Nel 1851 si tenne a Londra la prima delle Esposizioni universali, eventi che Walter Benjaminin ebbe a definire "luoghi di pellegrinaggio al feticcio merce”.
Nella seconda metà dell'Ottocento, infatti, iniziò a diffondersi il clima positivista di fiducia incondizionata nella scienza, nel progresso, nell'industria, di cui le Esposizioni erano la celebrazione.
E nell'ambito di questi eventi si tenevano numerosi concorsi (i "Grand prix", appunto, le "Medaglie d'oro", ecc.) nei quali le case gareggiavano per affermare la supremazia dei loro prodotti.

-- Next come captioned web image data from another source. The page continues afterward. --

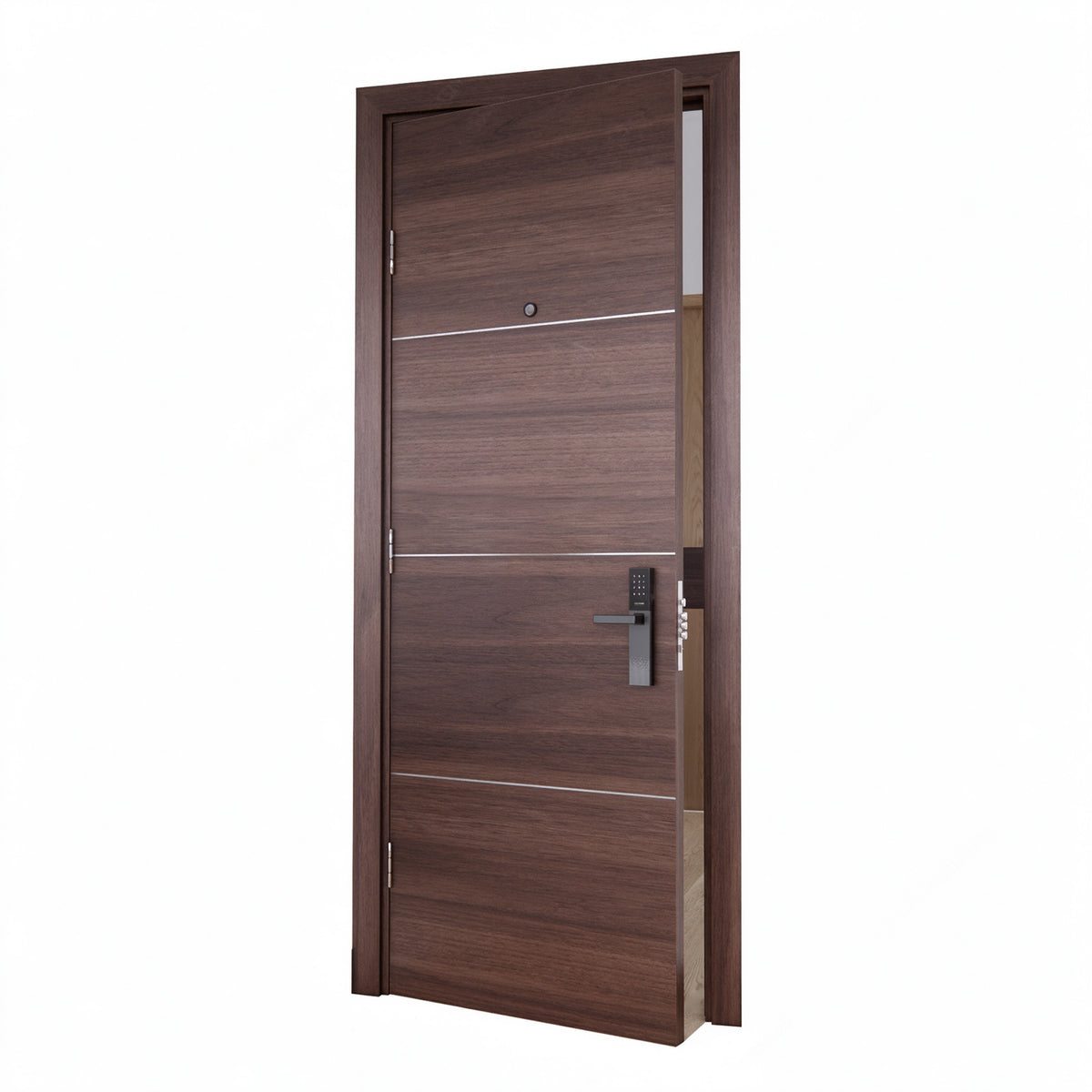 深胡桃橫線木質防火門｜Dark Walnut Horizontal Timber Fire Door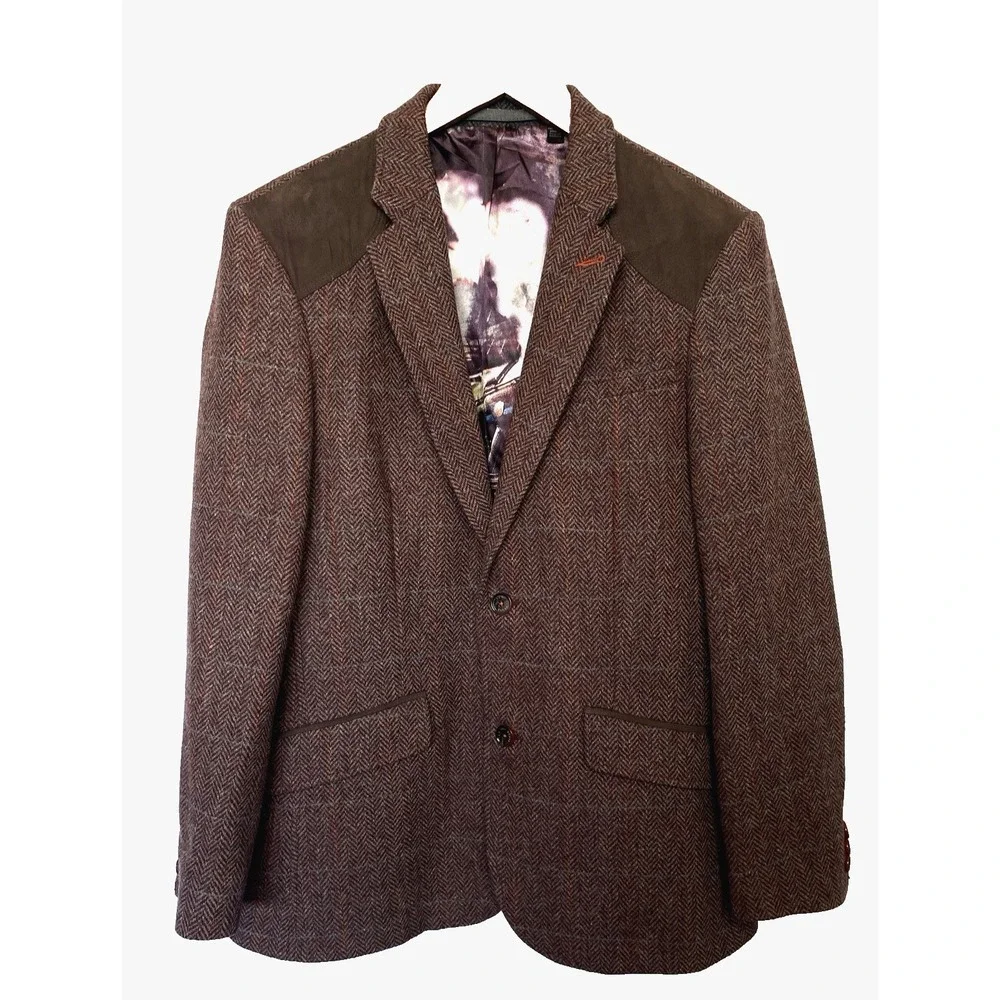 Ted Baker London Mens 100% Wool Tweed Blazer Jacket Size 3 US 38 Brown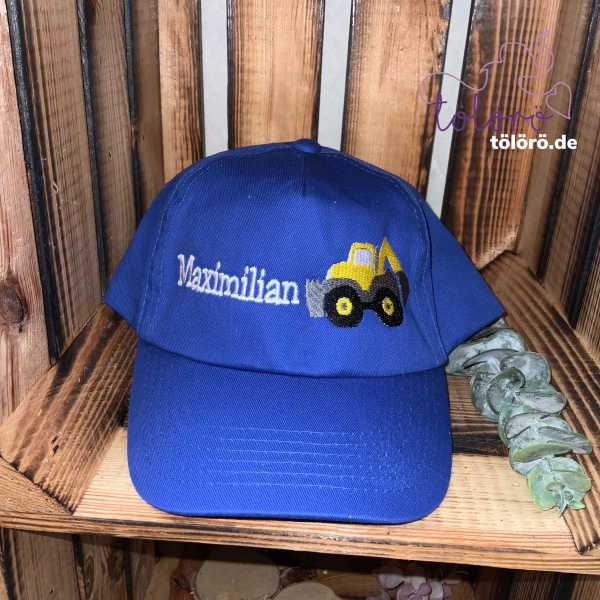 Cap mit Name und Baufahrzeug
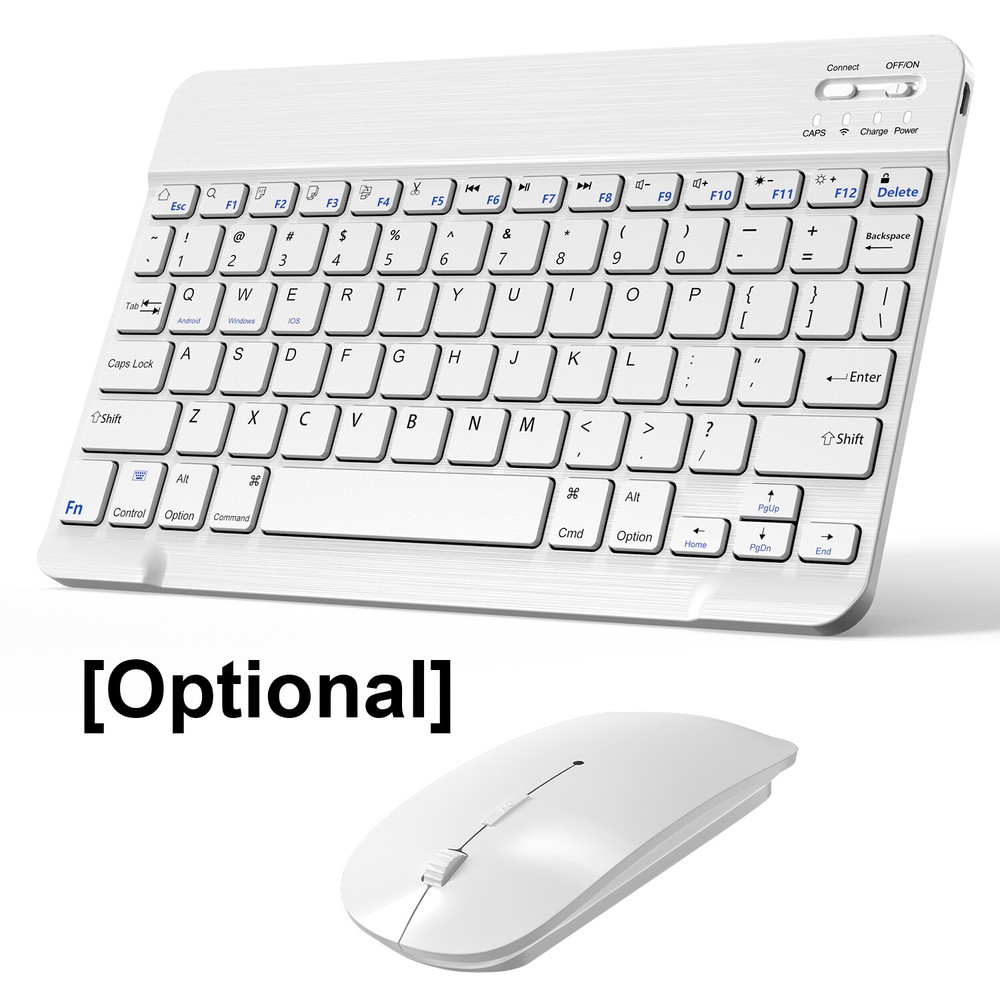 Slim Bluetooth Keyboard & Mouse Combo- Wireless for PC, Laptop, Mac, iOS, Tablet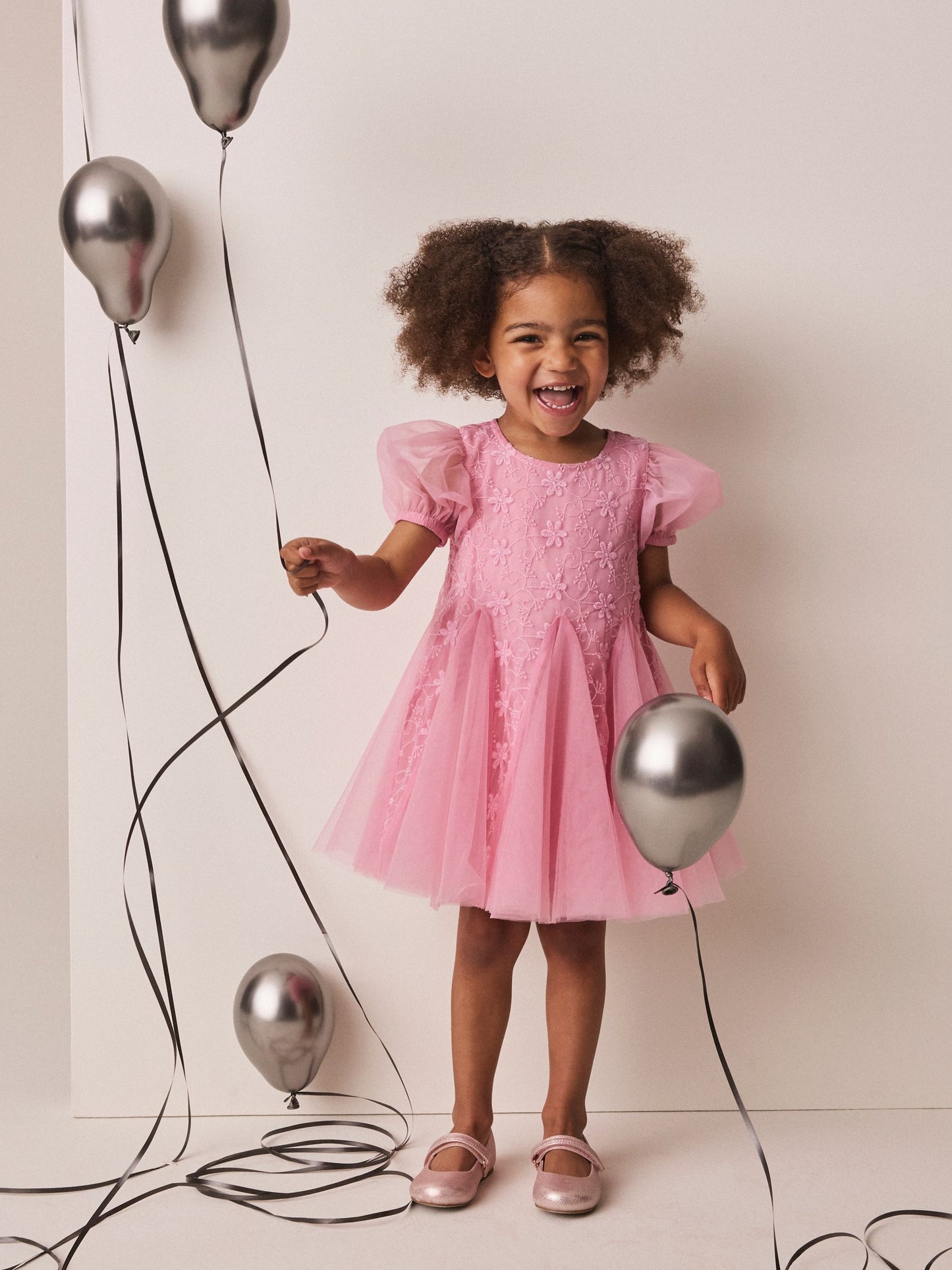 Dsiney Kidz - Pastel Pink 3D Flower Godet Occasion Dress (3mths-8yrs) image 2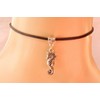 Seahorse Choker Statement Chunky Rhinestone Necklace for Women Silver Beach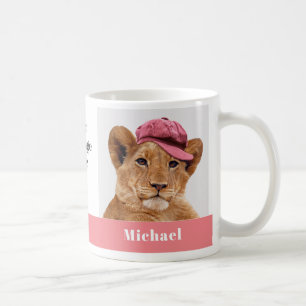 Cute Lion Cub Personalise Name & Message Coffee Mug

Accadeva non solo per gli orologi, ma per tutti i prodotti industriali, in ogni settore (se guardiamo una vecchia scatola di biscotti o di pennelli da barba, troviamo declamate vittorie in questo tipo di competizioni).
I concorsi divennero così numerosi, anche al di fuori delle esposizioni universali, da poter accontentare a turno molti produttori, costituendo una primitiva forma di pubblicità.
Se un orologio può vantare questo tipo di affermazione, quindi, significa che ai suoi tempi era senz'altro un buon orologio, ma non necessariamente che presentasse caratteristiche di particolare eccezionalità.
In questo caso, peraltro, parliamo delle vittorie non dell'orologio, ma della casa produttrice (sono 4 diversi Gran Prix: due svoltisi a Parigi, uno a Milano, uno a Bruxelles). E della levatura di Longines nessuno dubita.